Certains écrivains sont à leur meilleur à bord d’un aéronef, fixant tout droit l’horizon ; d’autres, sur un fil à plomb, ont le regard tourné vers le passé et retour au présent. Bernard-Henri Lévy – je m’autorise de notre amitié pour ne pas l’appeler «BHL» ; un esprit comme le sien mérite mieux que d’être siglé telle une marque –, considérant son énergie de journaliste et d’écrivain-voyageur, relève sans conteste de la verticalité du fil à plomb. Aussi bon témoin qu’il soit, il est à son meilleur par la mise à jour de connexions inexpliquées, de causes demeurées dans l’obscurité, de rapports surprenants.
Sur le mode journalistique où il excelle, ce nouvel ouvrage s’ouvre sur la tragédie de l’abandon dont ont été victimes les Kurdes et dont il fut le témoin privilégié. Mais très vite le livre prend une autre direction, et l’on entre dans la chaîne complexe des causes philosophiques et des connexions historiques qui ont amené à cet épitomé critique. Son travail est autant d’en montrer la cristallisation que de porter témoignage des batailles qui eurent lieu.
Sa thèse est que l’Empire américain, dans cette phase non pas géopolitique mais – belle trouvaille – géopoétique, est fini et que cinq puissances ressortent du passé pour s’en disputer la succession.
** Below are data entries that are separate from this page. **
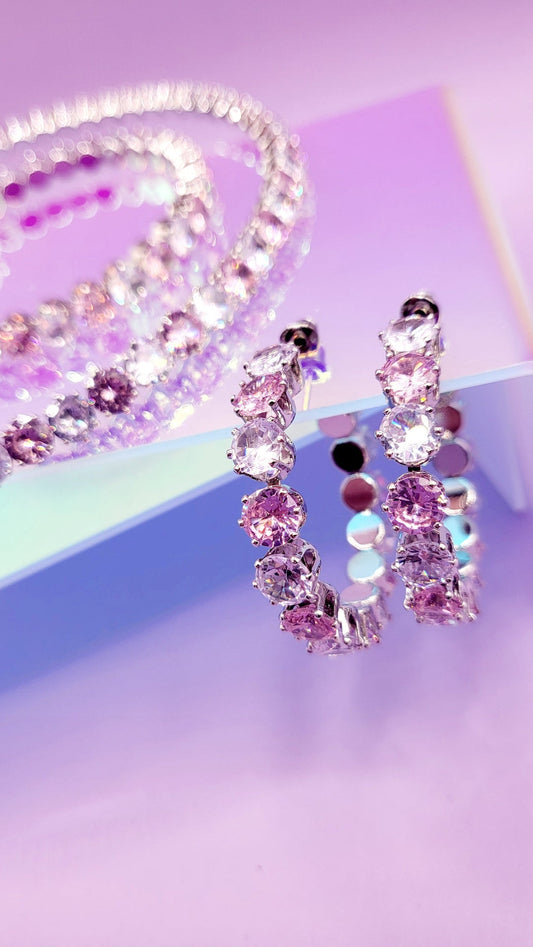 Aura Crystal Trio Choker, Bracelet & Earrings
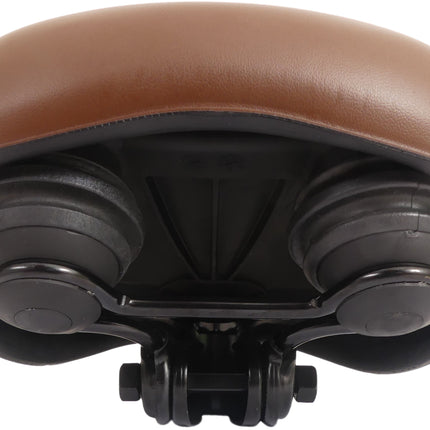 Fietszadel Edge Brownie inclusief zadelstrop - bruin / zwart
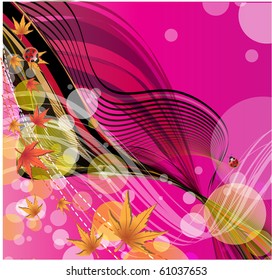 Autumn vector background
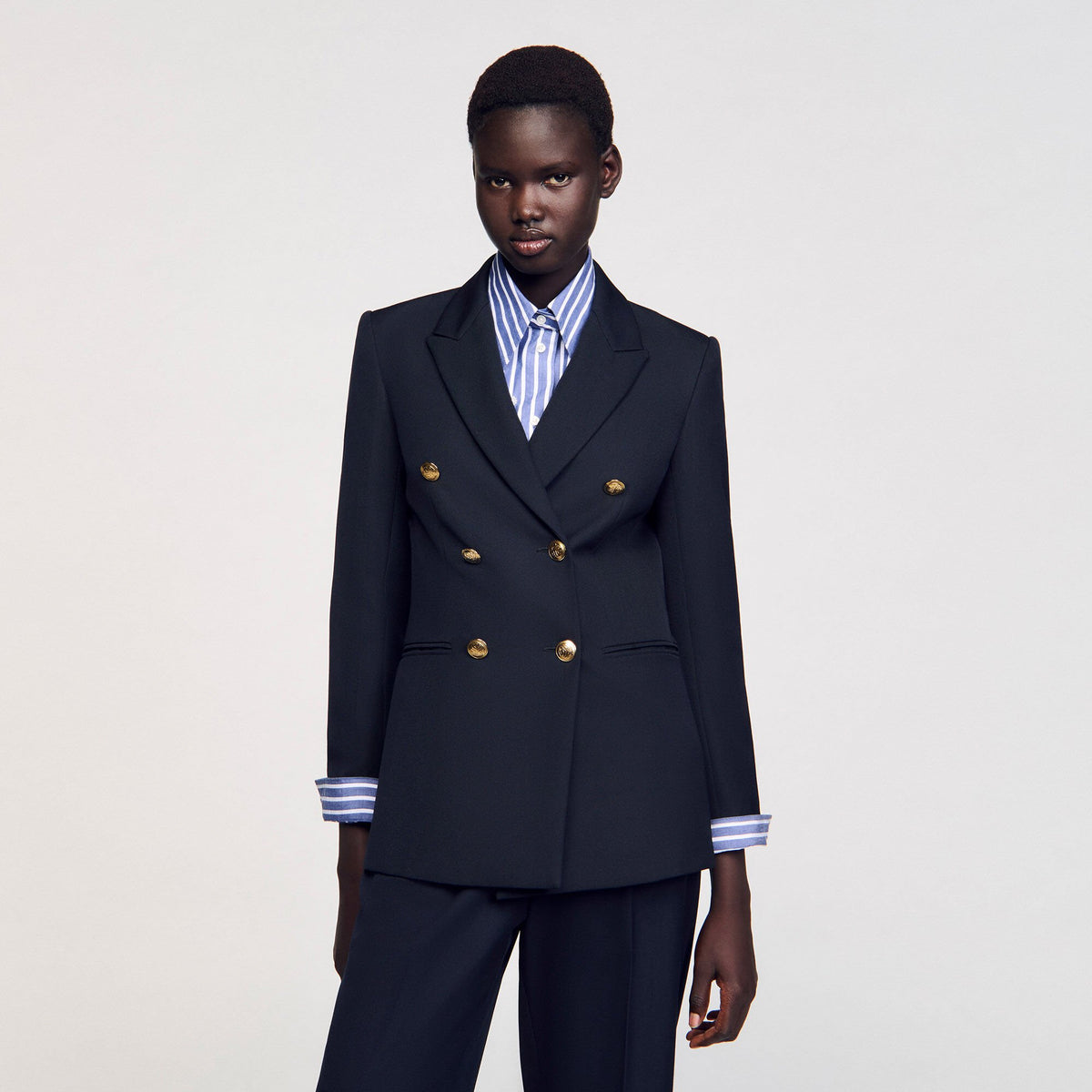 Double-breasted suit jacket | Sandro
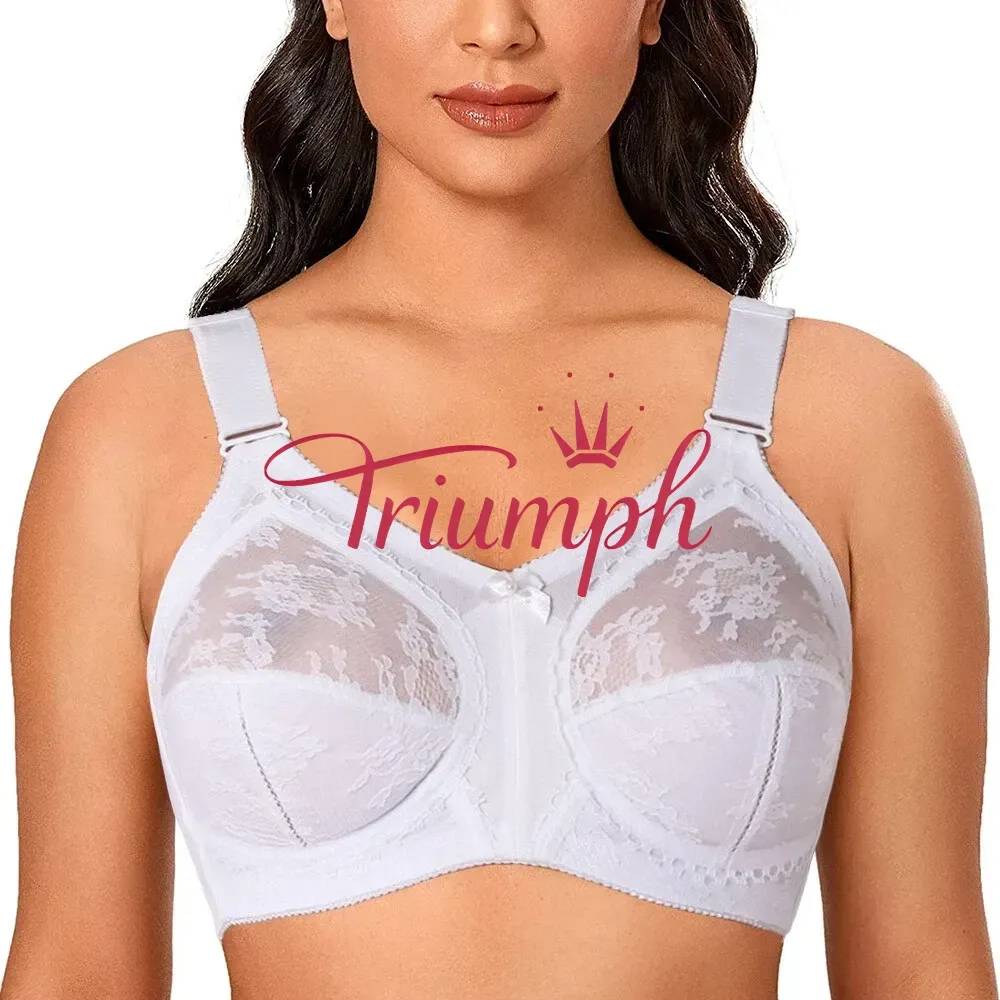 💖Triumph® 4-pak ✨Biustonosz transparentny bez pianki na duży biust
La version américaine du capitalisme consumériste et son efflorescence dans des formes artistiques populaires irrésistibles, ont sculpté sans qu’ils en soient conscients jusqu’à ceux qui leur résistaient. Même au pic de la Guerre froide, il n’y avait aucun doute sur la direction dans laquelle soufflaient les vents.
Soudain, nous assistons à sa fin. Internet est à la fois l’apothéose de l’Empire et sa négation burlesque, l’expression la plus extrême de l’aventure américaine sans frontière, «océanique», une aventure en même temps complètement libertaire (le savoir jusque-là interdit y est entièrement à disposition) et concrètement totalitaire (abolissant tout caractère privé et offrant à la police chaque pouce de nos existences intérieures). C’est bel et bien l’épitomé de la décadence de l’Empire : son triomphe nous transforme nous-mêmes en esclaves de nous-mêmes. Créant son propre nouveau monde, l’Empire rend négligeable l’ordre politique américain et ses ambitions politiques.
L’hypocrisie planait sur le devenir possiblement tyrannique de ces applications aimables, ludiques et sans malice. En envisageant à haute voix que les deux logiques, commerciale et policière, puissent se conjoindre ou soient même, déjà, joyeusement liées, Lévy décrit, nomme et dénonce le visage apparemment souriant mais en réalité sinistre de ce dernier avatar de l’Empire.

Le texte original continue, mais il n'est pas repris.